An exact copy of the entries, with every picture omitted, is what is needed here.

_RECORDS_.
════════
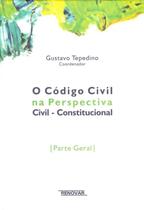 Codigo civil na perspectiva civil - constitucional, o - RENOVAR (CATALIVROS)
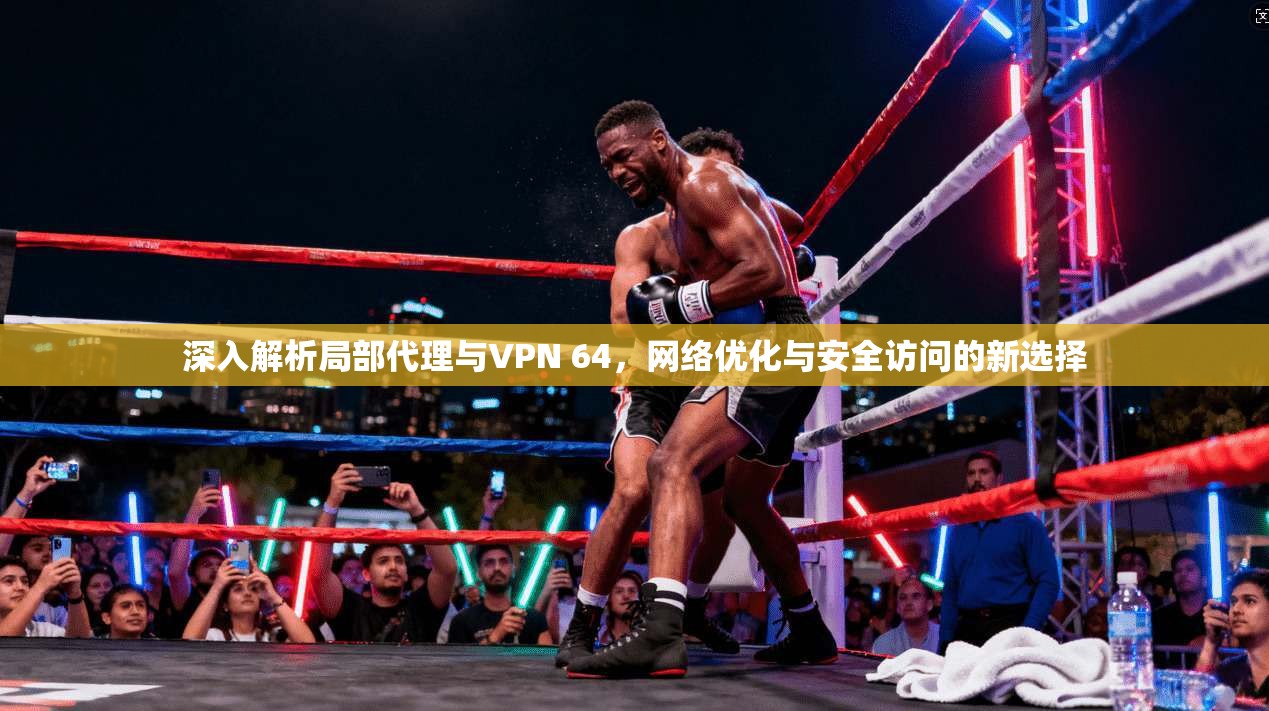 深入解析局部代理与VPN 64，网络优化与安全访问的新选择  第1张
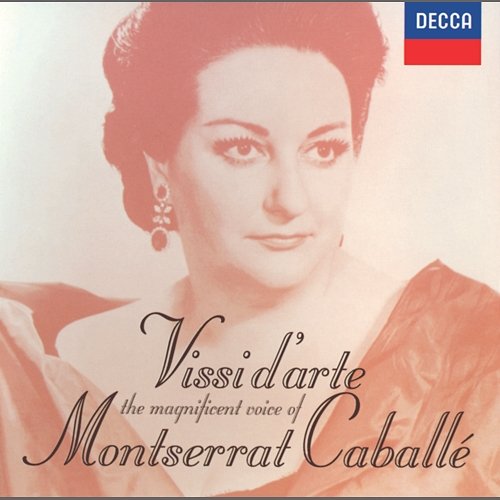 Vissi d' arte: The Magnificent Voice of Montserrat Caballé Montserrat Caballé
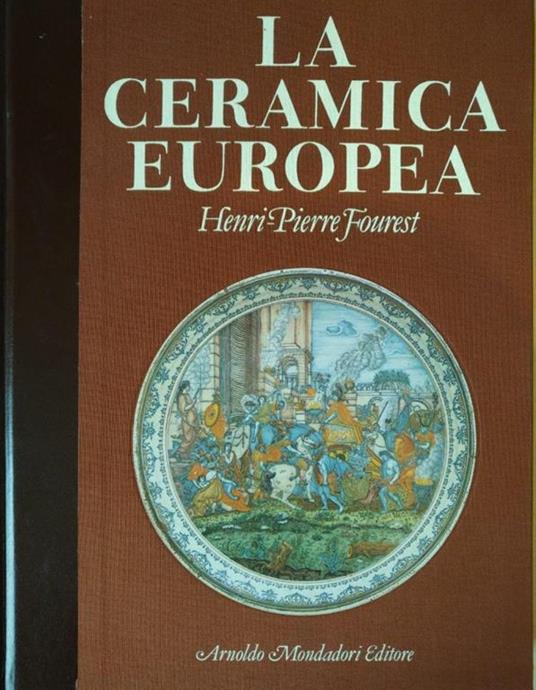La Ceramica Europea - Henri-Pierre Fourest - copertina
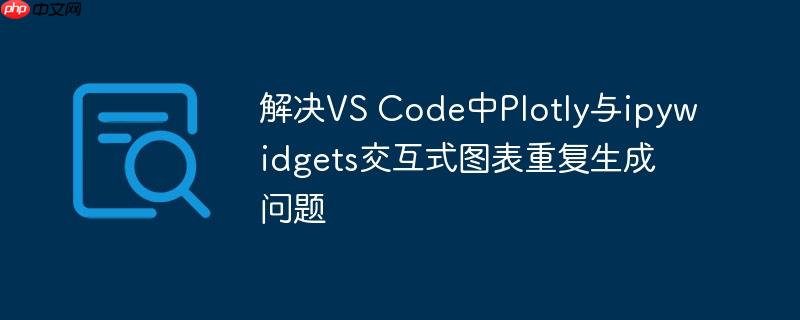 解决VS Code中Plotly与ipywidgets交互式图表重复生成问题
════════
_REPLY_.
 Codigo civil na perspectiva civil - constitucional, o - RENOVAR (CATALIVROS)
 深入解析局部代理与VPN 64，网络优化与安全访问的新选择  第1张
 Vissi d' arte: The Magnificent Voice of Montserrat Caballé Montserrat Caballé
La Ceramica Europea - Henri-Pierre Fourest - copertina
 解决VS Code中Plotly与ipywidgets交互式图表重复生成问题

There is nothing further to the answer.